#### Your task
The answer must reproduce exactly the lines from the one with "Pigiama Raso Donna" through the end of the material, and it must contain no pictures.

#### Information shown
● ● ● ●
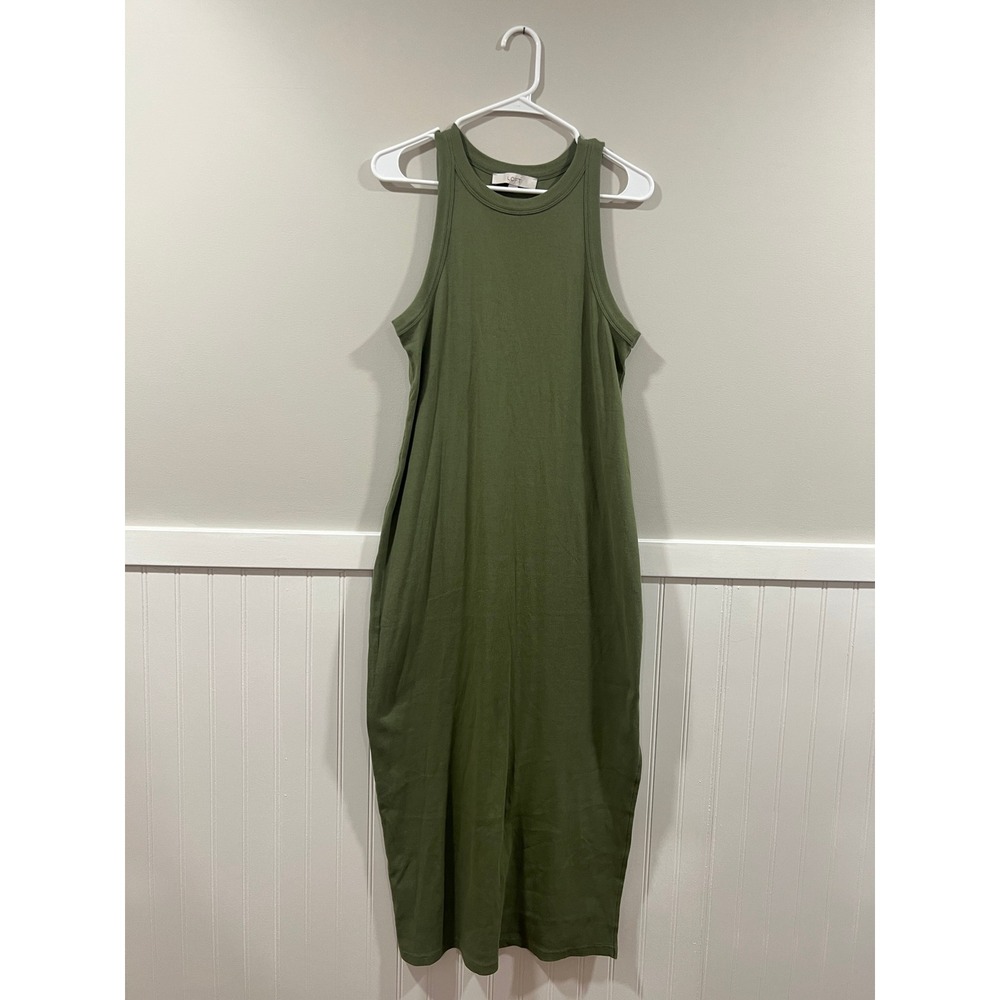 LOFT Ribbed Midi Dress Halter Green Casual Women Size Large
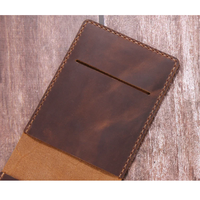 Housse de carnet en cuir véritable faite à la main pour carnet de poche mini à spirale supérieure 3,5 x 5,5, housse de carnet de poche en cuir véritable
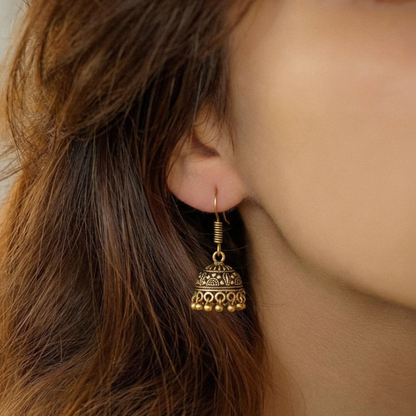 Antique Gold Toned Mini Jhumka Earrings - Traditional Indian Ethnic Dangler with Ghungroo Bells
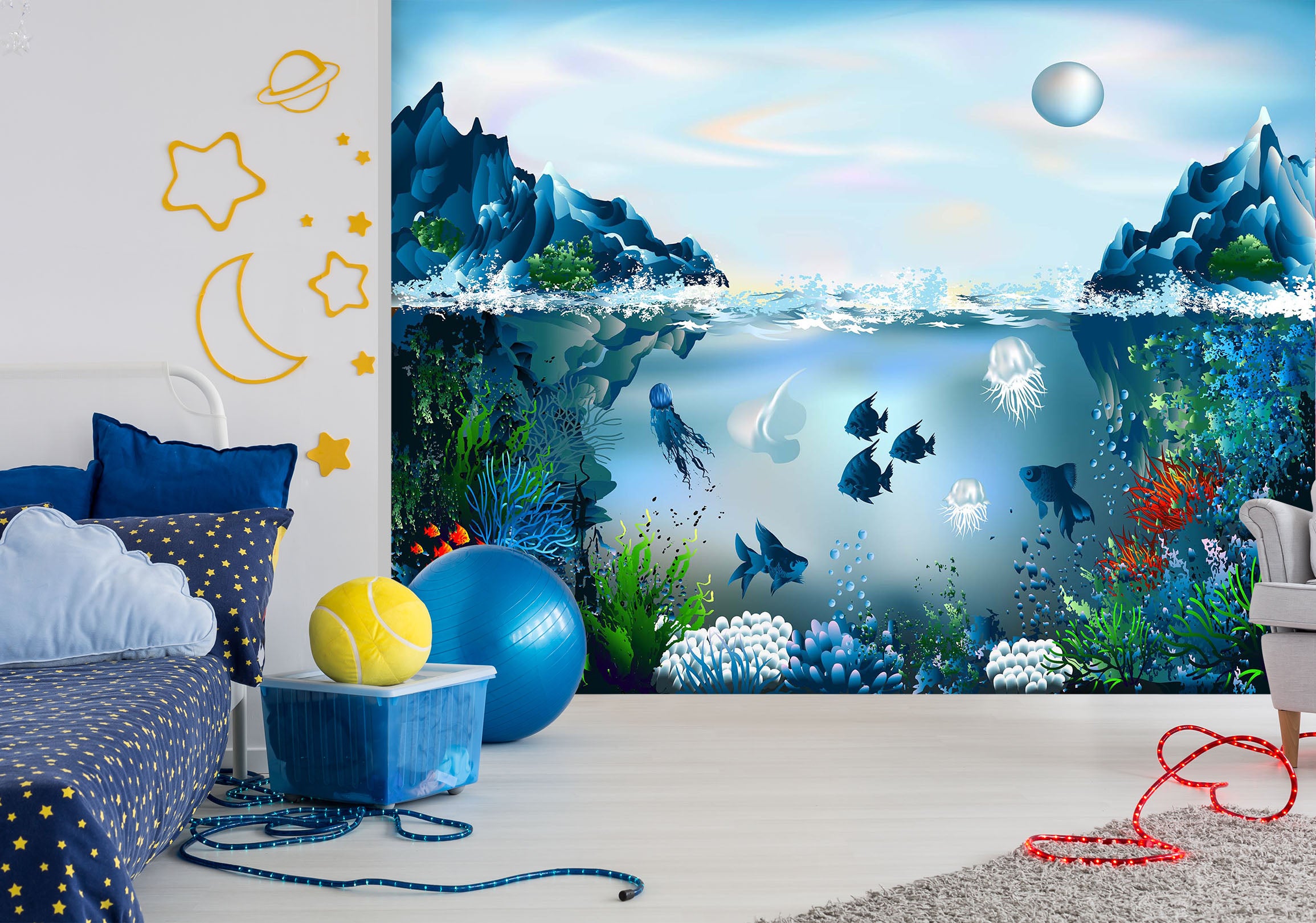 3D Submarine Fish Ocean 004 Wall Murals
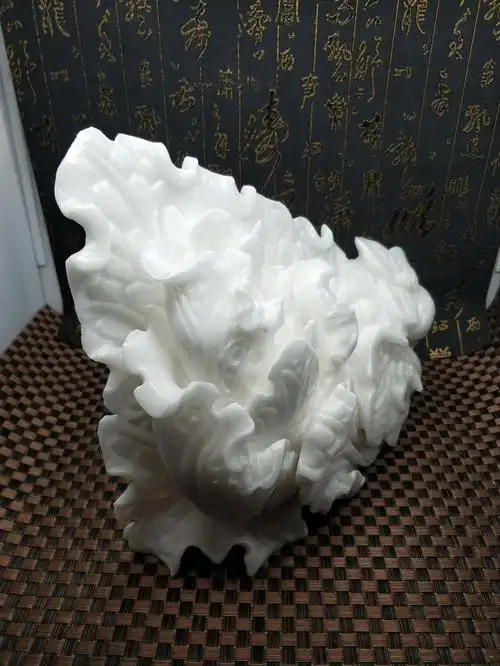 阿富汗玉白菜百财汉白玉石刻石雕创意时尚工艺品家居小摆件摆设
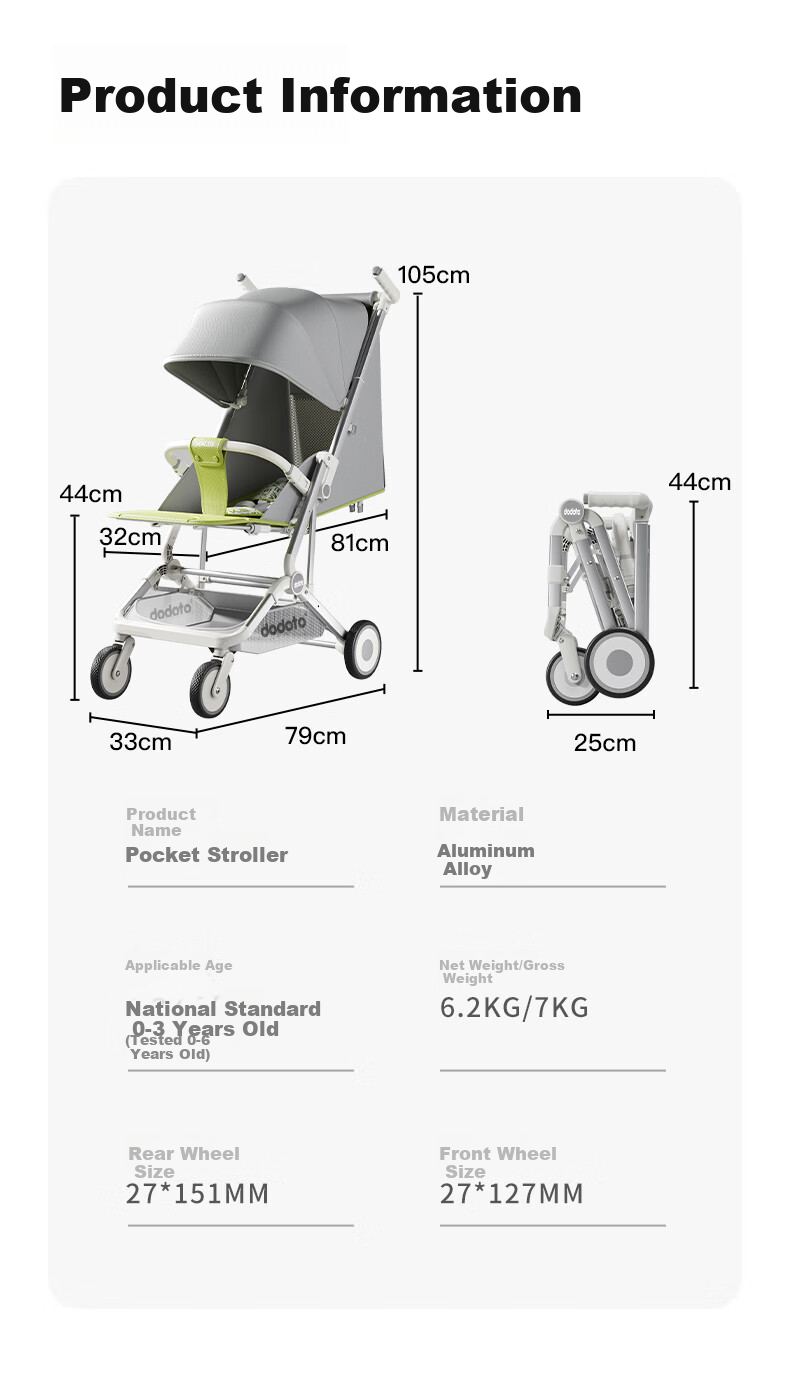 Dodoto Stroller for Boys And Girls, Lightweight, Can Sit Or Lie Down, Airplane-Friendly, Baby Walking Aid M9 Gold Black 19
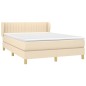 Giroletto a Molle con Materasso Crema 140x19 cm in Tessuto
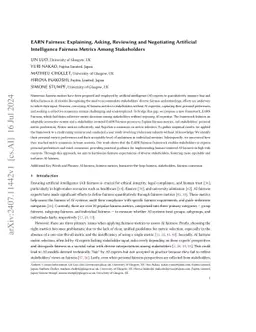 EARN Fairness: Explaining, Asking, Reviewing, and Negotiating Artificial Intelligence Fairness Metrics Among Stakeholders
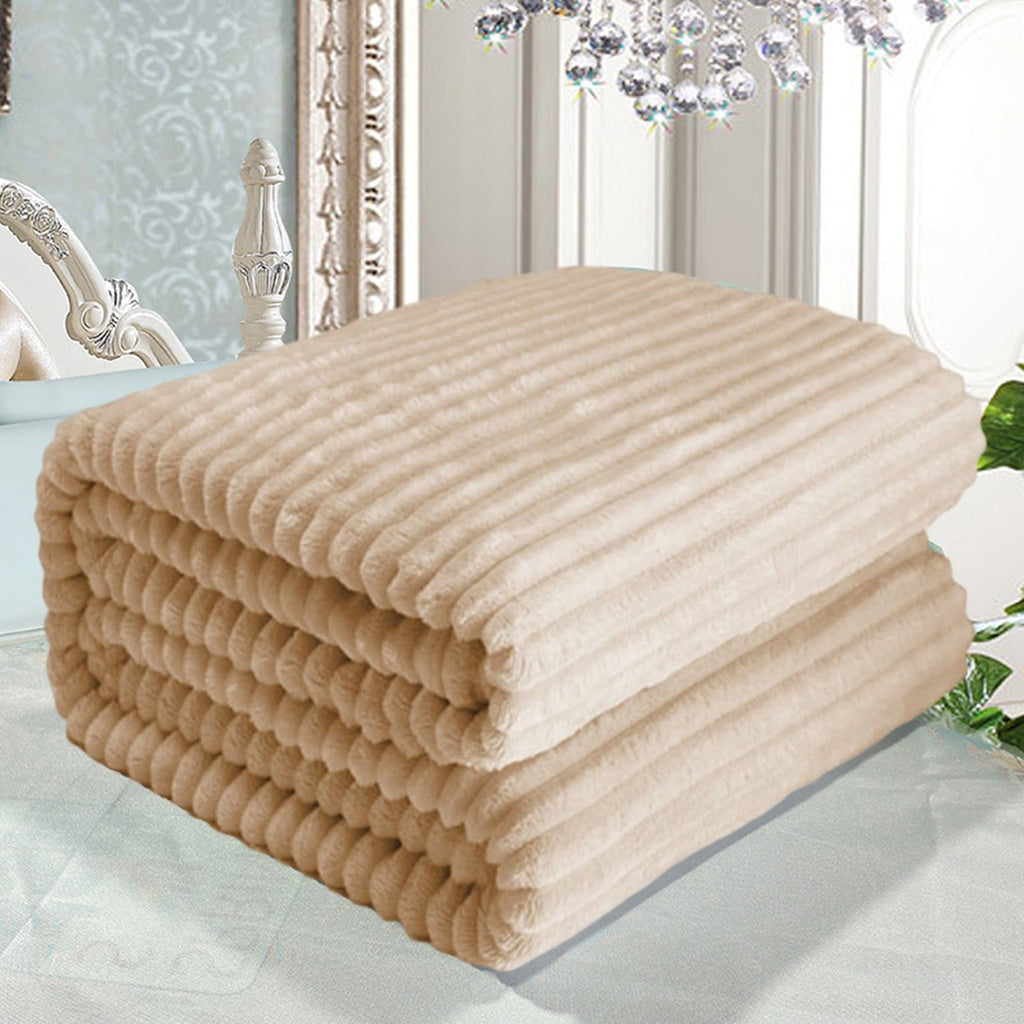 Decorative Knitted Extra Large Throw Blanket for Couch Home Office Hotel 100% Cotton Super Soft Blanket for Adult 47"x70" Khaki - Lightweight Plush Warm Blanket for All Seasons Detail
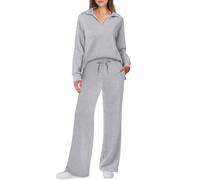 Pigiama Raso Donna Set da Donna Completi da 2 Pezzi 2024 Pigiama a Maniche Lunghe con Bottoni Pantaloni a Gamba Larga Tuta con Tuta Pigiama Natale Coppia Camice da Notte Estive (Grey, S)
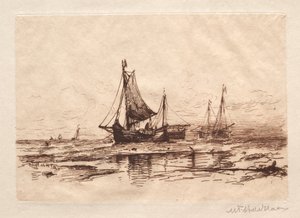 Barcos de pesca en la playa de Scheveningen de Maurits Frederik Hendrik De Haas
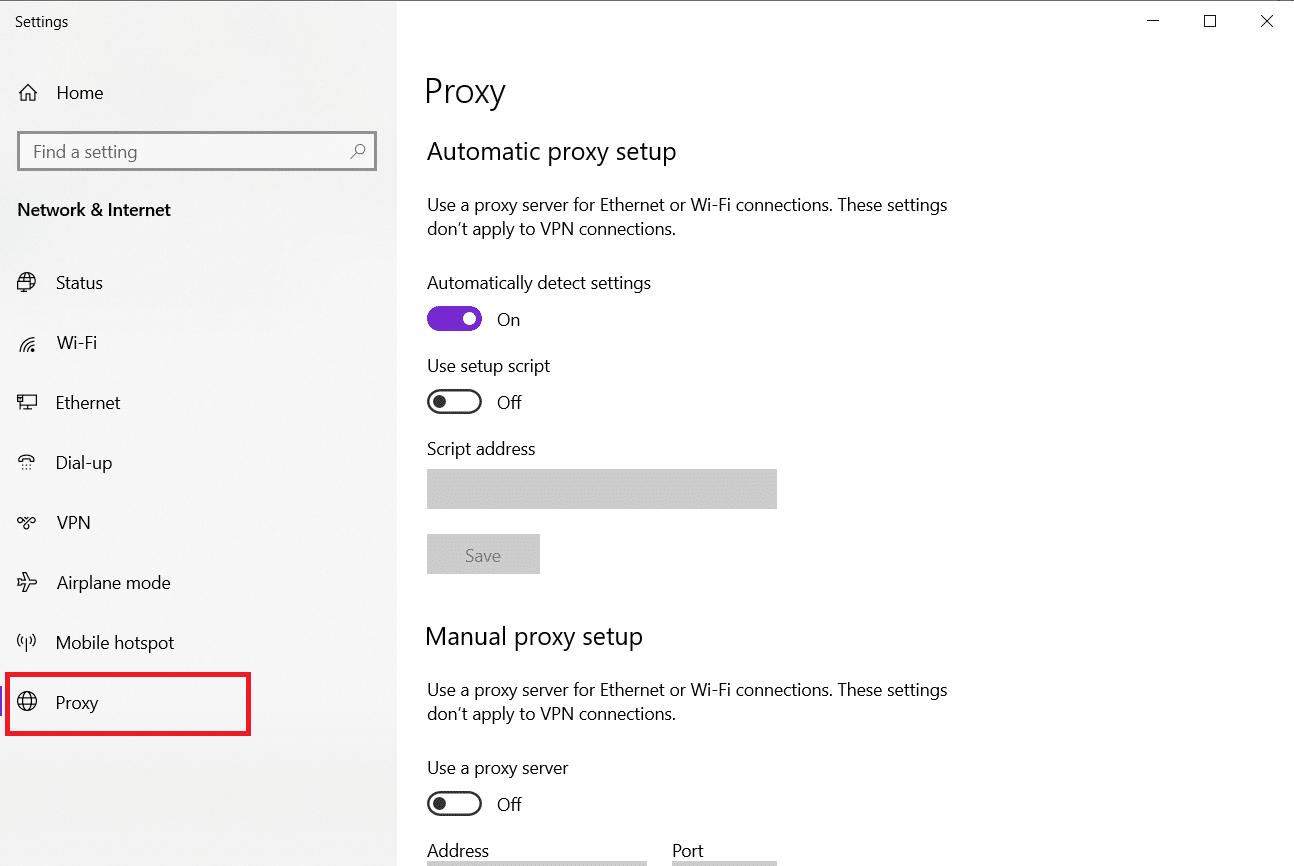 Go to the Proxy tab in the left pane. Fix Windows Error 0 ERROR_SUCCESS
● ● ● ●
#### Your response
 Pigiama Raso Donna Set da Donna Completi da 2 Pezzi 2024 Pigiama a Maniche Lunghe con Bottoni Pantaloni a Gamba Larga Tuta con Tuta Pigiama Natale Coppia Camice da Notte Estive (Grey, S)
 Barcos de pesca en la playa de Scheveningen de Maurits Frederik Hendrik De Haas
 Go to the Proxy tab in the left pane. Fix Windows Error 0 ERROR_SUCCESS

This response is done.